Further aspects of Java's Collections Framework

Java Maps

Another interface provided as part of the Java Collections Framework is Map. You can find this documented here. This is a generic type with two type parameters, so its type is given as Map<K,V>. Like List and Set which we saw in the previous set of notes, this interface type is implemented by two main actual types. For Map, the two main implementing types are HashMap and TreeMap.

The idea of an object of type Map<K,V> is that it is a collection of objects of type V indexed by values of type K. In some ways you can think of it as like an arrayList where the components can be indexed by values of any type rather than only by integers. Objects of the indexing type are known as keys. Commonly, the indexing type will be String, but Java allows it to be any type.

Consider that for an object of type ArrayList<E> referenced by a variable of type List<E> called a, the call a.add(i,item), where i is of type int and item is of type E, causes item to be put into the collection referred to by a such that a.get(i) will return item. For an object of type TreeMap<K,V> or HashMap<K,V>, referenced by a variable m of type TreeMap<K,V>, the call m.put(key,item) where key is of type K and item is of type V, causes item to be put into the collection referred to by m such that a.get(key) will return item. One difference between lists and maps is that in lists if an object is added at a particular index, all objects with higher indexes are shifted up one index. With maps, when an item is added with a particular key, that same key will always be used to index it until the item is removed or another item is put in with the same key as its index. For a map referred to by variable m, the method call m.remove(key) will remove the item from the map indexed by key, in the same way that for a list referred to by variable a, the method call a.remove(i) will remove the item from the list indexed by integer i. However, a.remove(i) causes all items with indexes higher than i to be moved down by one place, but m.remove(key) does not change the index of any other item in the map. Also, both m.remove(key) and a.remove(i) return the item that has been removed. However, if there is no item with index key in the map referred to by m, then m.remove(key) returns null and does not change the map. The call a.remove(i) causes an IndexOutOfBoundsException to be thrown if there is no item in the list referred to by a which is indexed by i because i is greater than or equal to the size of the list.

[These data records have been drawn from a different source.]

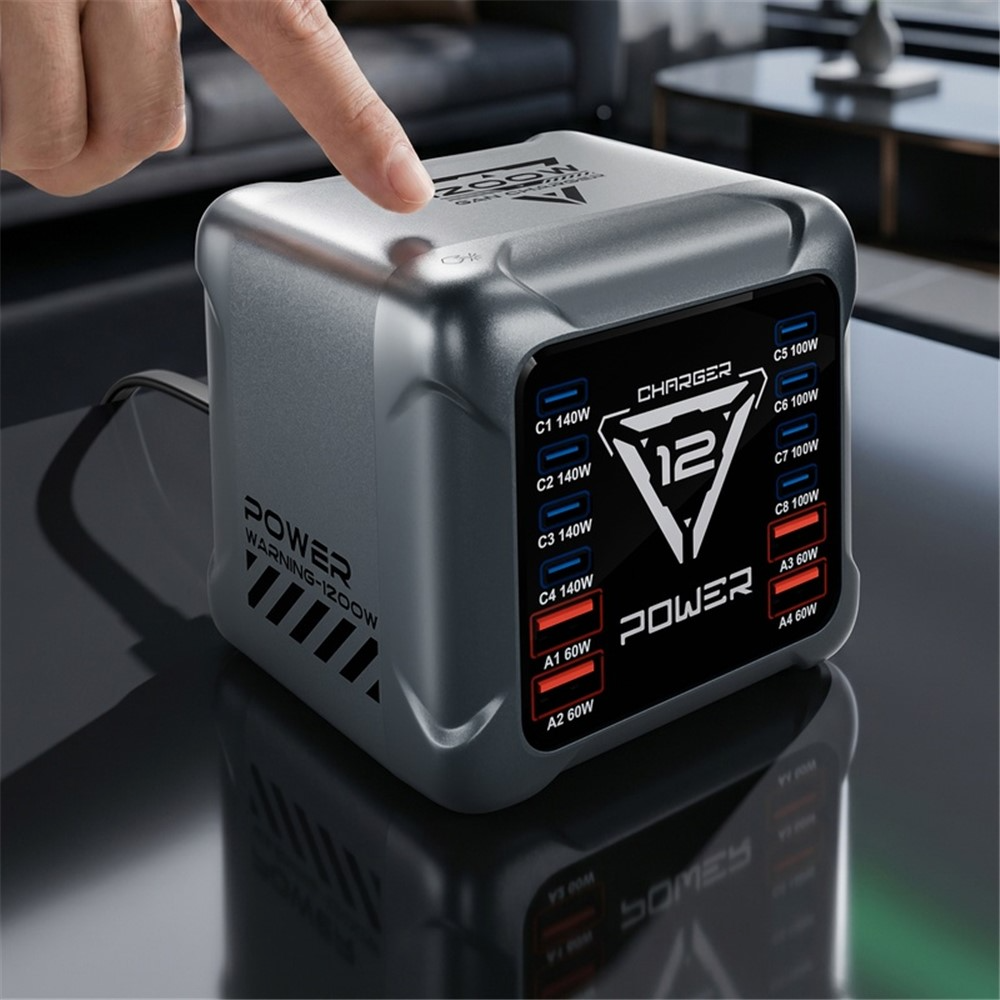 OEM-laddstation BK-127D, 280W, 5A, 4 x USB-A - 8 x USB-C, Grå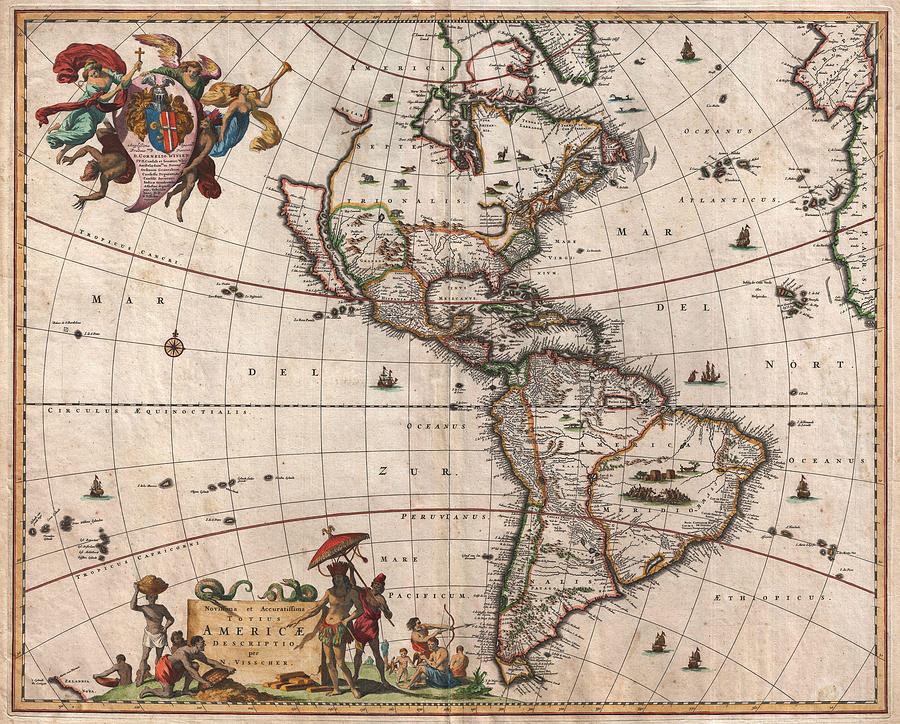 Old Cartographic Maps Antique Map of North and South America 1658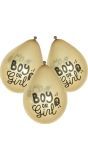 Boy or girl gender reveal gouden ballonnen 6 stuks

Maps are commonly used to store data where each possible item of data has a unique key which can be used to identify it. For example, a student record system will store records of students with all the data about an individual student being indexed by the student number, since we know there is a different student number for every student. A database for cars would probably use the car registration number (which is actually a combination of digits and alphabetic characters, hence it would be represented by a string not an integer) as the key.

We saw with sets previously, collections of type TreeSet store their elements in order, so that an iterator derived from a TreeSet object will return the elements in order; collections of type HashSet do not store their elements in any order. With maps, collections of type TreeMap store their elements in order of their key (as given by the natural ordering of the key type), while collections of type HashMap do not have any ordering. This is balanced by the operations for HashMap being more efficient than the operations for TreeMap. The reason for these characteristics is given by the underlying representations, trees for TreeSet and TreeMap, hash tables for HashSet and HashMap, but there is not time to discuss these data structures in this course. As with TreeSet, a TreeMap object may be constructed with a comparator object as an argument to the constructor, this will result in a map which is ordered according to the ordering the comparator object gives to the keys which index items in the map, rather than according to the natural ordering of the keys.

It is not possible to produce an iterator directly from a map to show the ordering, but it can be done in two stages. If m refers to a map of type TreeMap<K,V>, then the call m.keySet() returns an object of type Set<K> which gives the keys of the items in the map in their order, and m.values() returns an object of type Collection<V> which gives the items in the map in the order (given by their keys) in which they are stored. An iterator can be obtained from the objects returned from m.values() and m.keySet() to go through the items in them in order. These methods may also be called on objects of type HashMap, but in this case the sets returned would not be in any particular order.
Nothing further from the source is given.